ISLAMABAD, 21 September 2003 — Pakistan said yesterday it had formally invited Indian Prime Minister Atal Behari Vajpayee to a regional summit in Islamabad in January.
The invitation was handed over to the Indian deputy ambassador in Islamabad on behalf of Pakistani Prime Minister Zafarullah Khan Jamali, the Foreign Office said.
“The letter of invitation from the prime minister was delivered by Director General (South Asia) to the Indian deputy high commissioner at the Foreign Office today,” the office said. A summit of the seven-nation South Asian Association for Regional Cooperation (SAARC) will be held in the Pakistani capital on Jan. 4-6.

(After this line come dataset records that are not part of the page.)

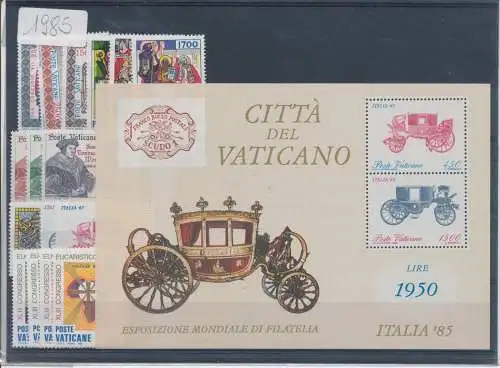 1985 Vatikan, neue Briefmarken, komplettes Jahrgang 16 Werte + 1 Blatt + 1 Heft - postfrisch**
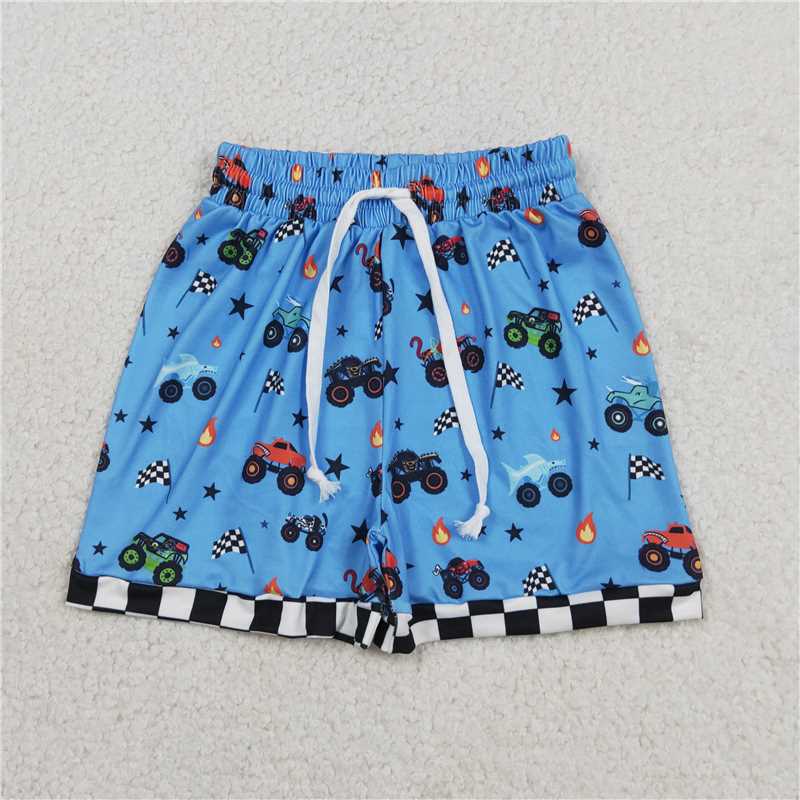 RTS NO MOQ milk silk BT1496+SS0736 Baby Boys 4th of July Car Flag Print Top And Shorts Set
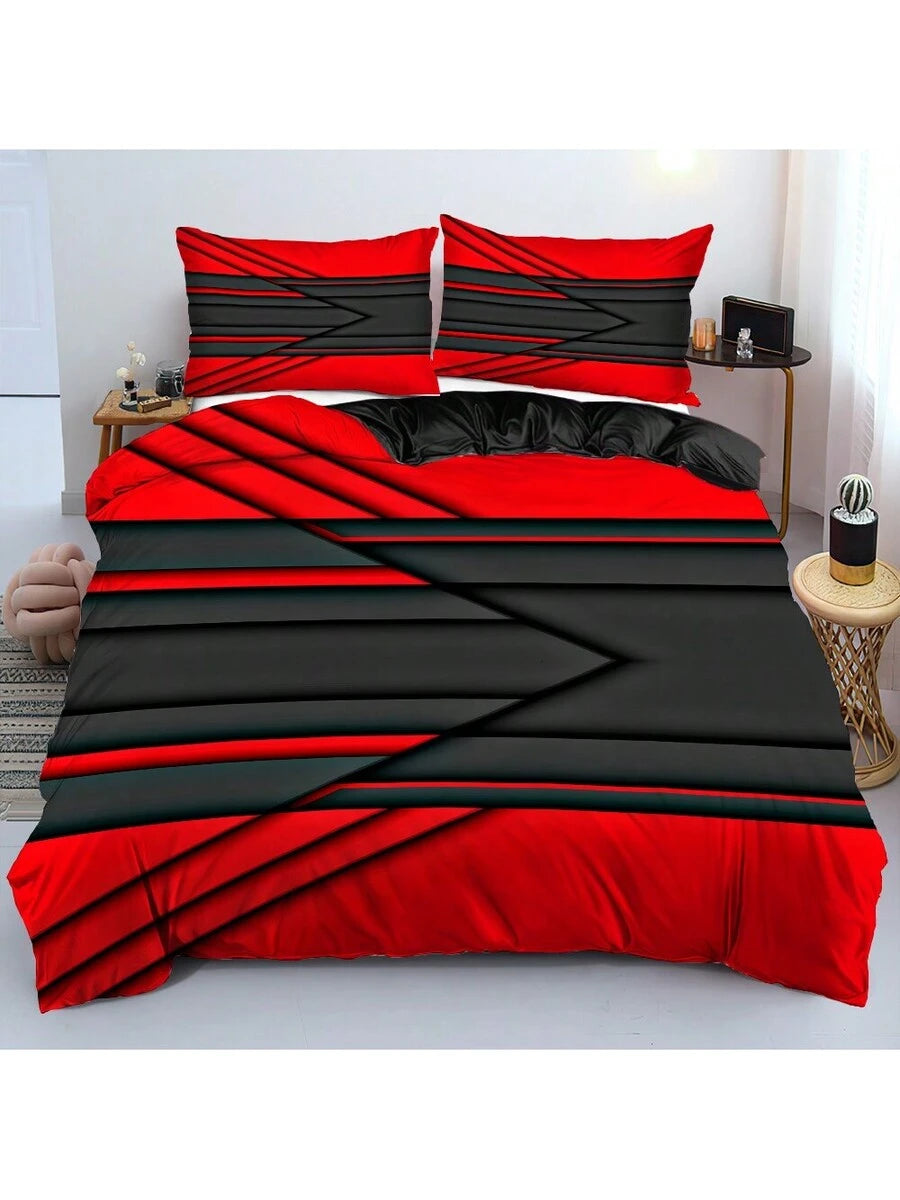Set od 3 komada crvene i crne posteljine sa geometrijskim uzorkom (1*navlaka za jorgan + 2*navlake za jastuke, bez punjenja)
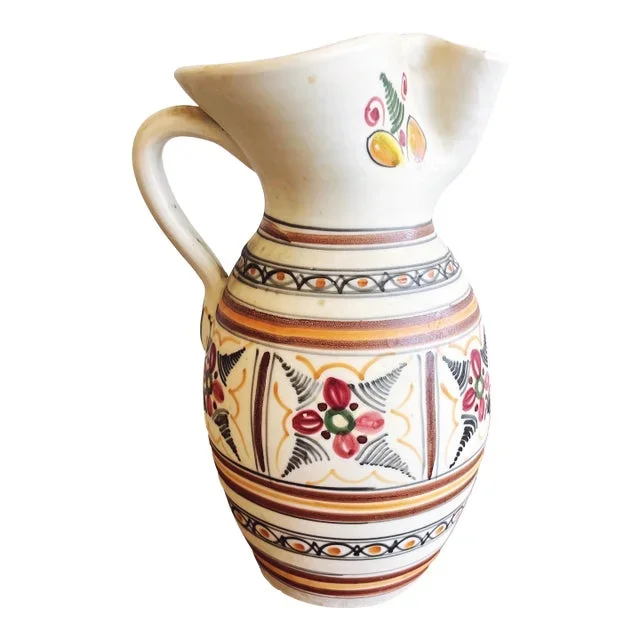 Vintage Spanish Talavera Ceramic Pitcher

The summit was originally planned for January this year, but was postponed after India declined to attend because of tension with Pakistan over the disputed Kashmir region.
The invitation came after Pakistani Foreign Minister Khursheed Mehmood Kasuri dropped a plan to visit New Delhi to deliver an invitation after India said his journey was not necessary.
India has indicated that Vajpayee will attend the summit but Indian Foreign Minister Yashwant Sinha said recently the meeting would not necessarily provide a forum for bilateral talks between Pakistan and India.
The nuclear-armed South Asian rivals have fought two of their three wars since independence over the disputed Himalayan region of Kashmir and came close to a fourth in 2002.
Relations have thawed slightly since Vajpayee issued a call for talks in April, but attacks by separatist rebels in Indian-administered Kashmir, who India says are backed by Pakistan, have undermined chances of peace talks.
Pakistan denies the accusation that it is stoking the 14-year rebellion in Indian Kashmir, saying it only provides political, moral and diplomatic support to what it calls a legitimate Kashmiri freedom movement.
The other members of the SAARC are Bangladesh, Bhutan, the Maldives, Nepal and Sri Lanka.
Both India and Pakistan have pledged to move toward long-suspended dialogue but no dates have been set. The last formal talks were held in July 2001 at Agra in India.
Ambassadorial and transport links were severed by India after it blamed Pakistani-based militants for a fatal gun attack on its Parliament. Nine people and the five gunmen were killed in the December 2001 attack.
In Indian-administered Kashmir, troops killed six suspected militants in a gunbattle yesterday. The battle in the Shopian area south of Kashmir’s biggest city Srinagar began after troops combing the area challenged a group of rebels, a police spokesman said. Three soldiers were also injured in the incident.
Police said the six belonged to the Pakistan-based Lashkar-e-Taiba group. There was no independent confirmation of that.